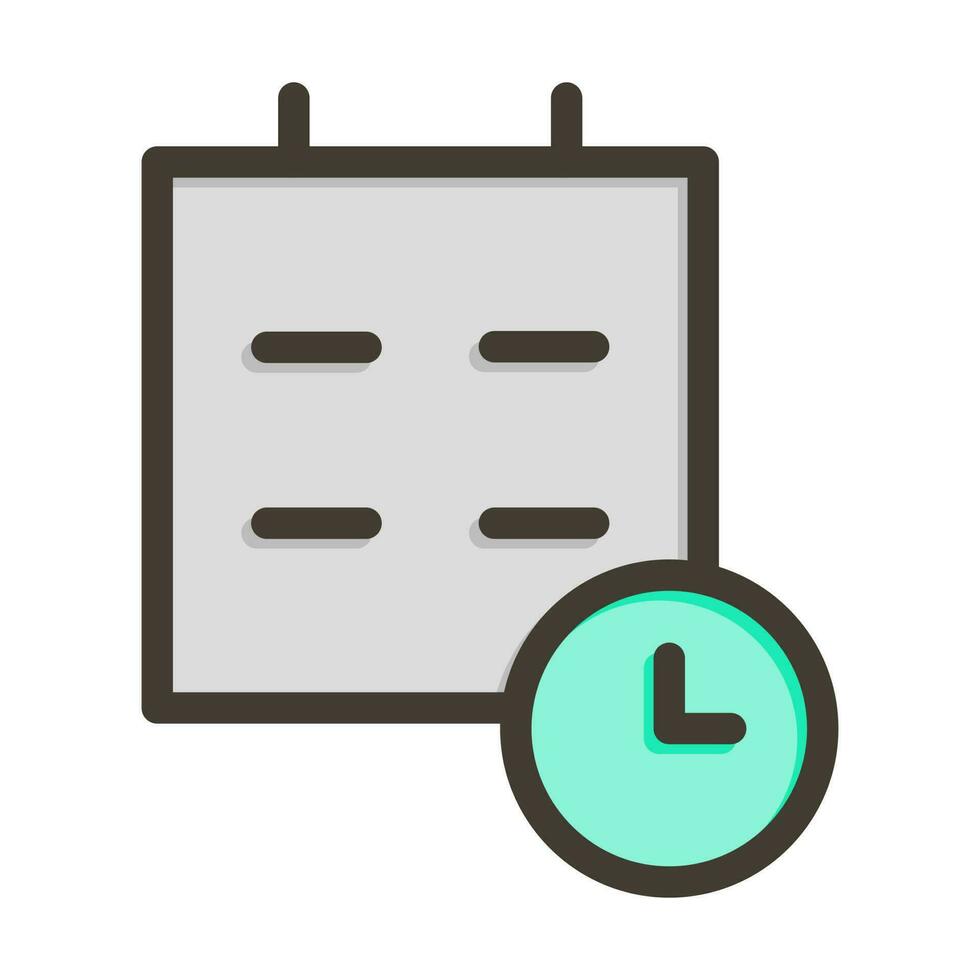Schedule Vector Thick Line Filled Colors Icon Design
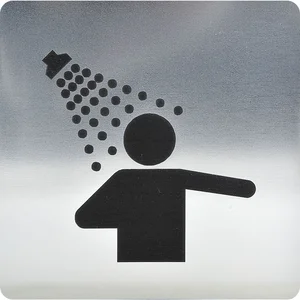 WC Symbol Duschraum selbstklebend, 100 x 100 mm, Kunststoff Edelstahl-Effekt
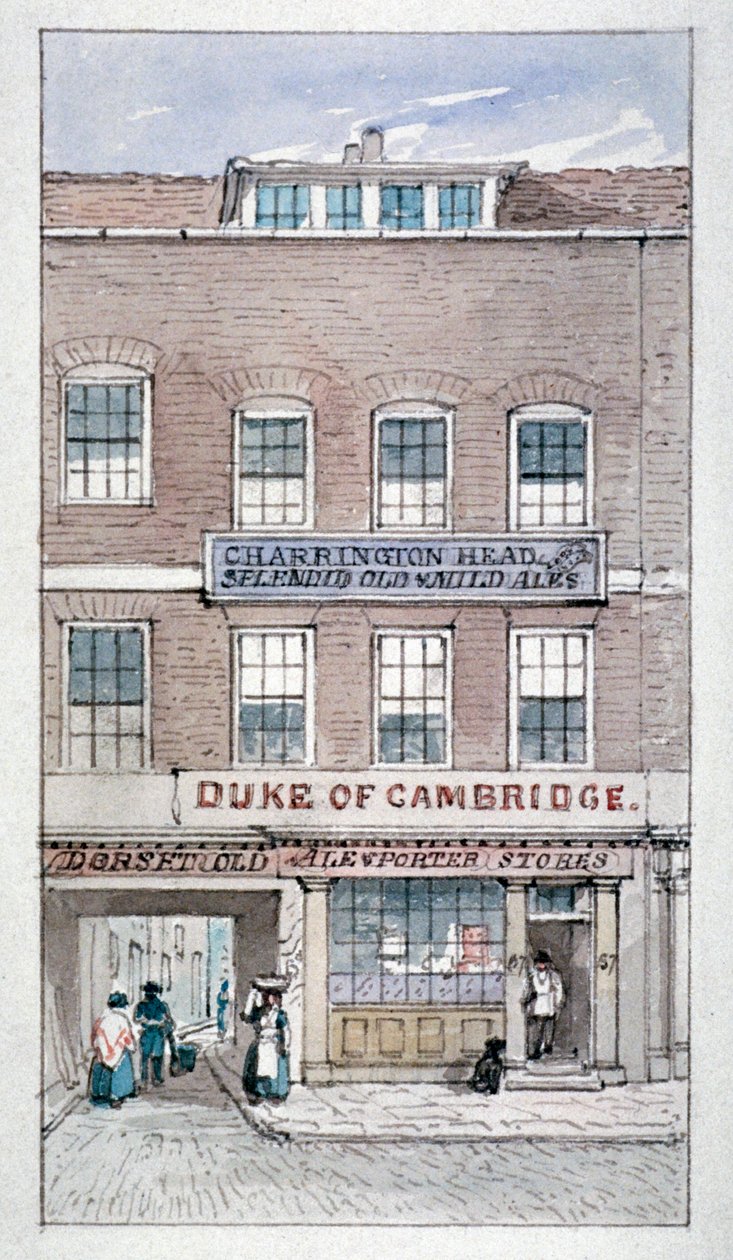 Widok księcia Cambridge Tavern, Shoe Lane, City of London, ok. 1840 r. autorstwa James Findlay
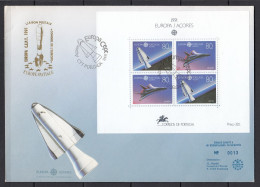 Portugal - Azores 1991 - FDC Special - EUROPA CEPT- Europe Spatiale - Tirage Limite A 60 Ex.numerotes - 1991
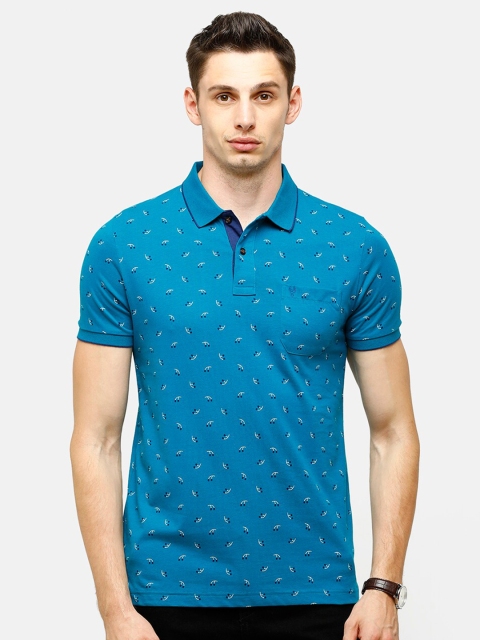 

Classic Polo Men Blue Printed Polo Collar Slim Fit T-shirt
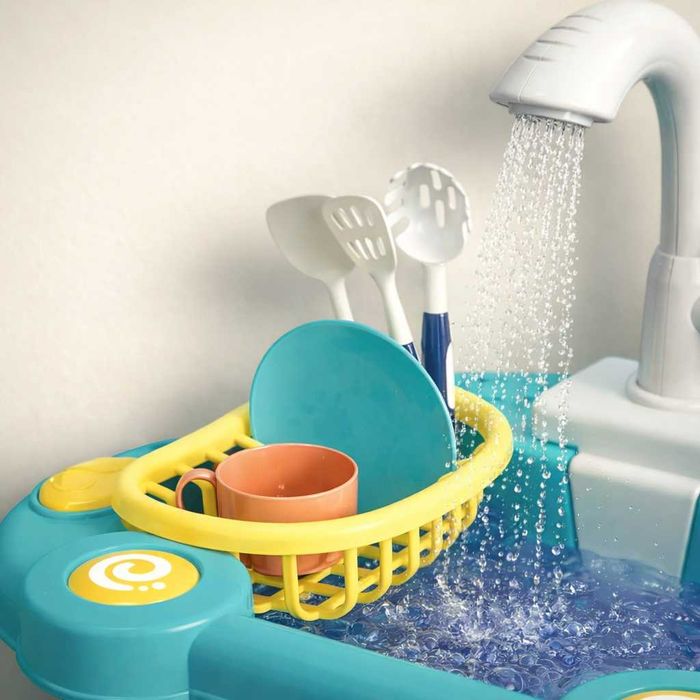 Детская мойка с водой краном течёт вода 19 предметов, игрушечная кухня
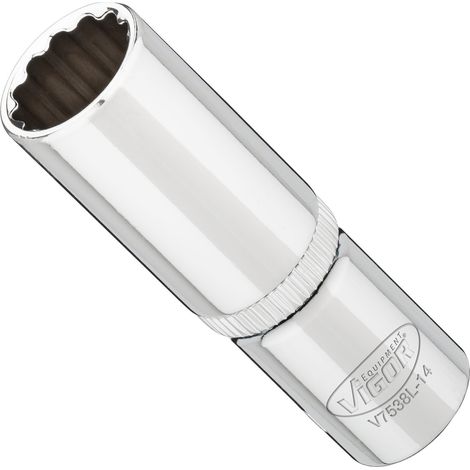 VIGOR Steckschlüsseleinsatz, lang, 3/8 (10 mm) Vierkant hohl, Außen Doppelsechskant Profil, SW 14 mm (1/3)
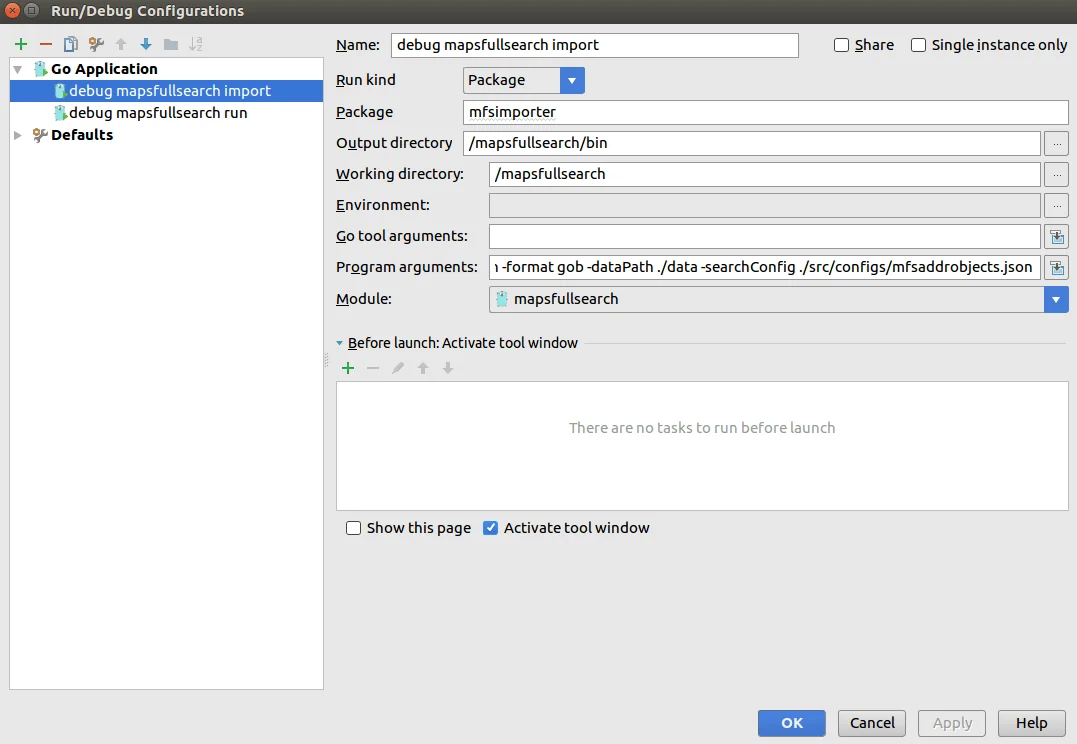 Settings of configurations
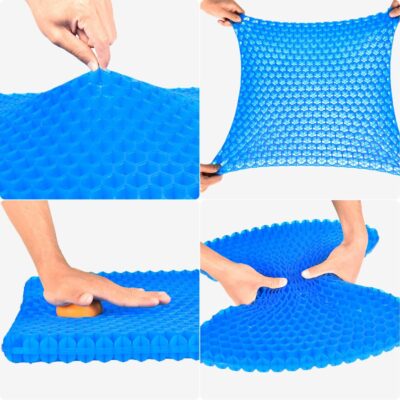 Gel Seat Cushion, Cooling seat Cushion (Super Large & Thick), Breathable Honeycomb Design Absorbs Pressure Points Seat Cushion, Gel Cushion for Office Chair, Home Car seat Cushion for Wheelchair - Image 3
____
Task to complete: Exactly repeat the material from its first line through the line with "Portugal - Azores", including both, and leave the pictures and everything else out.

Result for this exercise:
Schedule Vector Thick Line Filled Colors Icon Design
 WC Symbol Duschraum selbstklebend, 100 x 100 mm, Kunststoff Edelstahl-Effekt
 Widok księcia Cambridge Tavern, Shoe Lane, City of London, ok. 1840 r. autorstwa James Findlay
 Portugal - Azores 1991 - FDC Special - EUROPA CEPT- Europe Spatiale - Tirage Limite A 60 Ex.numerotes - 1991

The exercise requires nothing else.